Problem requirements
Return only the stretch of the material below that begins with the line containing "14 autumn born bulls - Image 1" and ends with the line containing "Billionaire Elon Musk", exactly; both of those lines belong to it.
*** Study material Section Begins ***
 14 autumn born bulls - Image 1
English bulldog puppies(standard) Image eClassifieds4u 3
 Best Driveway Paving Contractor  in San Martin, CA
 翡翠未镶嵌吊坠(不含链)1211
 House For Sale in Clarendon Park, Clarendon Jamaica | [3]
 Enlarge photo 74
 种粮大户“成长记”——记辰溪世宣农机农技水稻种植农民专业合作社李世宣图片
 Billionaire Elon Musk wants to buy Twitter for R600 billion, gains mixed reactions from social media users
*** Study material Section Ends ***
*** Study material Section Begins ***
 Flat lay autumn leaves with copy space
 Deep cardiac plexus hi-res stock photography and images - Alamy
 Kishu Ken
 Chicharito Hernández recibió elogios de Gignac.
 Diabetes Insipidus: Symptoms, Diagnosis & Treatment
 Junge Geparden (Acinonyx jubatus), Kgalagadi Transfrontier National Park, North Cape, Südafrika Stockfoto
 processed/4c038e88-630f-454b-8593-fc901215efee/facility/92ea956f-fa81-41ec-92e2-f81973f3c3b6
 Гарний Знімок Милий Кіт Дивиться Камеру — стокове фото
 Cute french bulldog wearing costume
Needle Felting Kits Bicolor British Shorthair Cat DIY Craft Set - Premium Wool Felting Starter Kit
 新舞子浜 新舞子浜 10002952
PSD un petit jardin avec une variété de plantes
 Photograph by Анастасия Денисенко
*** Study material Section Ends ***
Solution to the problem
 14 autumn born bulls - Image 1
English bulldog puppies(standard) Image eClassifieds4u 3
 Best Driveway Paving Contractor  in San Martin, CA
 翡翠未镶嵌吊坠(不含链)1211
 House For Sale in Clarendon Park, Clarendon Jamaica | [3]
 Enlarge photo 74
 种粮大户“成长记”——记辰溪世宣农机农技水稻种植农民专业合作社李世宣图片
 Billionaire Elon Musk wants to buy Twitter for R600 billion, gains mixed reactions from social media users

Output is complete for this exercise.